Peter thinks her pretty in that mousey, bookish way. He concedes the nonverbal signal, nodding and stepping to his right to pull up the order screen. “Miss Hastings, yes, your book is in,” Peter bends down to find the package under the counter. The book is called The Many Lives of Mr. Jones. “A curious title,” he says.
“It’s about his past lives.” She says curtly, taking the book from Peter. “Is there a receipt?” Peter looks at the screen again and asks, “would you like that printed or emailed?”
“Printed, please.” Peter does so and hands the receipt to Miss Hastings. “Do you have any other books like this on the shelves?” She glances to her left, where four tall, dark wooden racks create five eight-foot aisles filled with books.
“About past lives? No, I don’t think we do.” Peter has a relationship with all the books in the shop. If he hasn’t already read them, he knows what he’s ordered. “I’ve never read a book on that topic. It sounds fascinating.”
“You should look it up.
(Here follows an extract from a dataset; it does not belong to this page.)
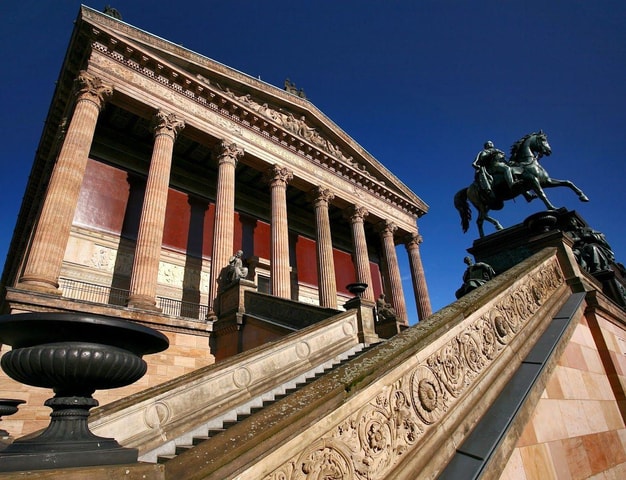 Berlin: Altes Museum Ticket & In-App Audio City Tour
There are lots of books on people coming back.” The woman stands stock still with the new book flat against her small chest, arms crossing over it.
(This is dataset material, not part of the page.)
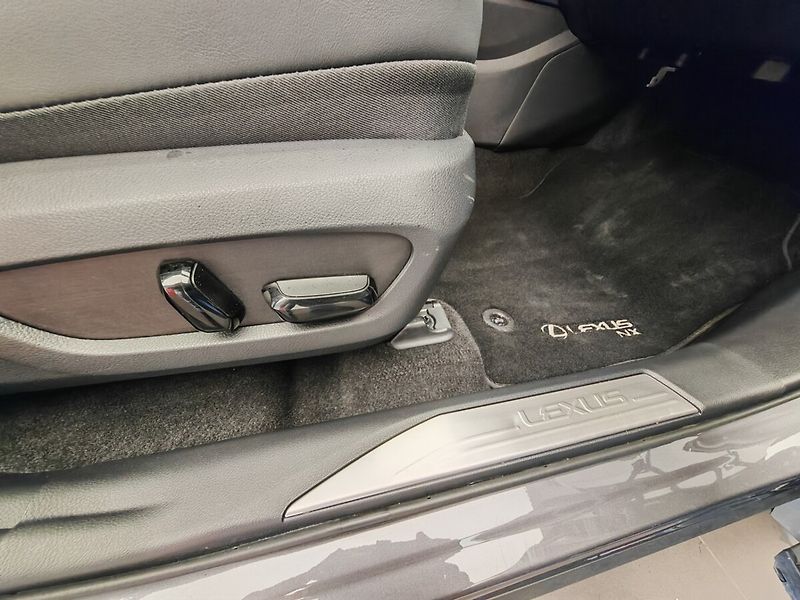 Lexus NX 350h 350h PRESTIGE PLUS TECH - fotka 20 z 45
“From the dead?” Peter teases, finding it strangely easy to talk to this woman.
“From the – no, no,” Peter catches the whisper of a smile play across her painted lips. “Well, in a way, I guess that’s an apt description. But not like a zombie. You die and then come back as another life.”
“Like the soul reanimating and so on.”
“Right, exactly like that. I’ve been mesmerized by the genre for years.” Peter hadn’t expected Clare to open up like this but is enjoying the sound of her voice, husky but feminine. “So much so that I’ve participated in past life regression.” She notes Peter’s confusion and continues. “It’s where you’re hypnotized and asked to relive some of your past lives. It’s utterly intriguing. The regressionist even records your session so you can listen to it again and again.”
“Hypnotized? That’s – is it easy to be hypnotized?”
“She knew I would be easy to put under on account of my imaginative nature. A creative mind is an accepting one.” Clare seems surprised at herself for running on like this, and Peter thinks he experiences a genuine smile from her. “It’s used as therapy on some people. They say the lives you live when regressing assist in your present somehow. I haven’t gone so far as to benefit from that angle, but it works from what I’ve researched. I suggest it to everyone I meet.”
“Does that include me?” Peter asks playfully.
“Of course, we’ve only just met.” Clare moves her hips and tilts her torso slightly in a mock curtsy. “Thank you for ordering the book. I’ll certainly be back.” She spins on her heels and moves toward the antique glass door.
“Would you give me the number of the, uh, regressionist you used?” The question forms before he can truly process it. “I think I can see myself trying that.” Clare turns again, walks back to the counter, lays her book down, and removes a scrap piece of paper from her bag. Peter hands her a pen, and she jotted down an email. He notices her perfume’s sweet yet subtle scent as she leans in.
“Send her a note. Her name is Theresa Clement. I’m sure she won’t remember me, so it will do you no good to mention my name. It won’t get you a discount or anything.” She retrieves her book and studies Peter’s expression, nods, and turns.
“Thanks?” Peter calls after her, and the bells over the door ring as Clare passes through the threshold. Peter’s attention falls to the note. Clare’s handwriting is pretty and neat. He types the address into his email client. The PTSD has become a nagging issue of late, and he feels at his wits’ end with conventional therapy. Perhaps the road less traveled will offer results?